In between cleaning rust of my modelling tools I have done a little more at the drawing and will add a little more explanation.
First I will give the key to the line colours. You can draw the lines in any colour you want, it makes no difference as long as you know what you want from each line. The colours control the cut once you import the drawing into Silhouette Studio but more on that when we get there. Crimson Red lines are lines that I will cut all the way through. Dark Red lines will also be cut all the way through but ensure that the cutter blade makes a separate cut for these lines rather then them being a continuation of the crimson lines – in this case they are the tops and bottoms of the window cut outs. If you draw the windows as a square/rectangle they will cut fine most times but occasionally the cut tries to go go around the corner and you get some rounding so when I remember I do it long hand with four separate lines to make up the rectangle or square. As long as they are the same size you one need to do the one as you can select all the four sides and duplicate them to create more window openings without having to redraw them. Green lines are score lines which will only be cut deep enough to show them as plank lines etc. I also use dashed blue lines for marking where things are to be placed (such as strapping or end posts on wagons) but I don’t need any on this particular drawing. Also note that Slaters have glazing in the upper half of the door whereas the GA has it planked so I will need to modify that when I start the build.

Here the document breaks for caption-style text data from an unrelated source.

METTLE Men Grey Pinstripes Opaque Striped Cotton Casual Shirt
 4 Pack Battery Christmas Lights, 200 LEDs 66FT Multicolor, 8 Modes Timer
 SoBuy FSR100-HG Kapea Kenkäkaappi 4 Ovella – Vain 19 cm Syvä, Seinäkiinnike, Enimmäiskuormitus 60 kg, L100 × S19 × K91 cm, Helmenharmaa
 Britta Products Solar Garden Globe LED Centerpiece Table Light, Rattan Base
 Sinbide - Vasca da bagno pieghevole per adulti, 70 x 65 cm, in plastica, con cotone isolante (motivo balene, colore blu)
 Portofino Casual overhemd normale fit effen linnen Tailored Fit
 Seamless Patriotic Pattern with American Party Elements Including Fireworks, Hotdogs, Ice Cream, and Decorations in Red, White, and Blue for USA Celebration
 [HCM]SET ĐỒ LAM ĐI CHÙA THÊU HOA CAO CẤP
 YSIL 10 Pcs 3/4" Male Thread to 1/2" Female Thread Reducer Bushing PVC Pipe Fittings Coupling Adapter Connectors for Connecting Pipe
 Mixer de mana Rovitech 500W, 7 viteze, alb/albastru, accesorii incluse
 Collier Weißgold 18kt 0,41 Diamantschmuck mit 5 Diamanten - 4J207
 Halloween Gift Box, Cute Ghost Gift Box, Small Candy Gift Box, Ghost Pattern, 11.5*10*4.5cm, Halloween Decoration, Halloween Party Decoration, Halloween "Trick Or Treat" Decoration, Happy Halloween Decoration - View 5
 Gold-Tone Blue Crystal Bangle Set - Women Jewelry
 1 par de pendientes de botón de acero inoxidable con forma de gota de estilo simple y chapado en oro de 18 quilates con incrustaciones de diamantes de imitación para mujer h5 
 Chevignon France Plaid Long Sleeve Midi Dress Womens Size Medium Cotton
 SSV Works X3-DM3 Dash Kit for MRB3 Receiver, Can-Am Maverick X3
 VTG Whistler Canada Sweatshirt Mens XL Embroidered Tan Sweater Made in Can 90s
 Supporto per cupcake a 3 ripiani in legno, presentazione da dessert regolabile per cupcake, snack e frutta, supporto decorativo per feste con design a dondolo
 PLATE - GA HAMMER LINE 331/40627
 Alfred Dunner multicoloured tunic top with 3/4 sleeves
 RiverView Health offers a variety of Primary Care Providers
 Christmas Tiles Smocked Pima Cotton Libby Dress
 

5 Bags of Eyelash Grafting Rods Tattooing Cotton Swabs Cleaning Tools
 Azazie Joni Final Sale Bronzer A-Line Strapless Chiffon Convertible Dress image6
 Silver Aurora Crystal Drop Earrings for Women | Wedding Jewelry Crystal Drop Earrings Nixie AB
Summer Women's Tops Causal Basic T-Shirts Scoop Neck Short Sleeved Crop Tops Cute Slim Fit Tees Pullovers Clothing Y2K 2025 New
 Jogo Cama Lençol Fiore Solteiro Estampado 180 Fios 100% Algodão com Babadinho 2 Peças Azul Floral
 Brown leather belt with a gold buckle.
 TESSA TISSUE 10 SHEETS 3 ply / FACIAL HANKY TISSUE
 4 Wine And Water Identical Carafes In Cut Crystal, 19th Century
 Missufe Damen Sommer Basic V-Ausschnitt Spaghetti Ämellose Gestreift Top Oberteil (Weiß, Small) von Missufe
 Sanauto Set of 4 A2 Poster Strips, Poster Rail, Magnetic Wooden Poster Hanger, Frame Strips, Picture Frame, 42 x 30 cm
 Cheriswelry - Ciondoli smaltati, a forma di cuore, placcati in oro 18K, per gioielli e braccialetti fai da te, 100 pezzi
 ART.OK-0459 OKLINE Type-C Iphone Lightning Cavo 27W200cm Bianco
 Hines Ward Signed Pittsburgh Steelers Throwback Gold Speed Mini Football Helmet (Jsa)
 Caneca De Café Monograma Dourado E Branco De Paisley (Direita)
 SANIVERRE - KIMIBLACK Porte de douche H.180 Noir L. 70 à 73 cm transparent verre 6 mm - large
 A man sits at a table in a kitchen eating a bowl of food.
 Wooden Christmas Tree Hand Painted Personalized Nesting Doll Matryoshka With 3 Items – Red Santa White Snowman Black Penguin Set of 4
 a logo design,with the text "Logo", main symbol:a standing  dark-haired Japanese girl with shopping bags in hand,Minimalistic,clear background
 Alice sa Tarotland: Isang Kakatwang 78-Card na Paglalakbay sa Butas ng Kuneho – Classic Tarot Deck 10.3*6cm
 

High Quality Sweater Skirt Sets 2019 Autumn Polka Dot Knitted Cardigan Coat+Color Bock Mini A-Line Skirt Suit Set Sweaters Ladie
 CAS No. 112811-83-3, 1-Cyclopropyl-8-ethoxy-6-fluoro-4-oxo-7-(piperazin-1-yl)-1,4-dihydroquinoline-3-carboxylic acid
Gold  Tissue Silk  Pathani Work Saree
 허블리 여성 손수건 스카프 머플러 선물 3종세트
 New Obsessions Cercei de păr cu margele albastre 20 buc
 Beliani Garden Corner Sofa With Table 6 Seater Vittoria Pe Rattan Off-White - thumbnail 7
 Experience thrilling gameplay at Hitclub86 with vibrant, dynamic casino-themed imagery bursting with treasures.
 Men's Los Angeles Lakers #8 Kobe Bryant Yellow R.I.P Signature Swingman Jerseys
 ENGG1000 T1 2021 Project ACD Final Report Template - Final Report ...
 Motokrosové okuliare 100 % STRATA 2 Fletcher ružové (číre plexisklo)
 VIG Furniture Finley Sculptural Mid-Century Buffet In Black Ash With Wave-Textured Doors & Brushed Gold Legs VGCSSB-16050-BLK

Finally the prospect of getting a workbench up and running looms. Hopefully by the end of next week i should be seriously thinking about getting a temporary workbench set up. With the current lockdown extended it’s probably going to be a garden bistro table with a makeshift plywood top and a garden chair to sit on but it’s better than nothing.
I have a limited number of potential victims to hand to get back into the swing of things. It’s a toss up between this and one of Jim’s LNER Bogie Brick wagons. I won’t be able to make a final decision on what I can build until I dig in the depths of the shed and see what modeling tools I managed to bring with me.
What I know I don’t have, is access to my library. But I do have digital general arrangement drawings for the D61 brake van but only a couple of photos of the brick wagon so if I have glue etc. I am leaning towards the Brake van.
In anticipation, this evening I opened the box and scanned the sides and cabin ends so that I can use the GA drawings to draw up and cut an interior with the Silhouette cutter. That should keep me out of mischief for a few nights until I get the WB in action.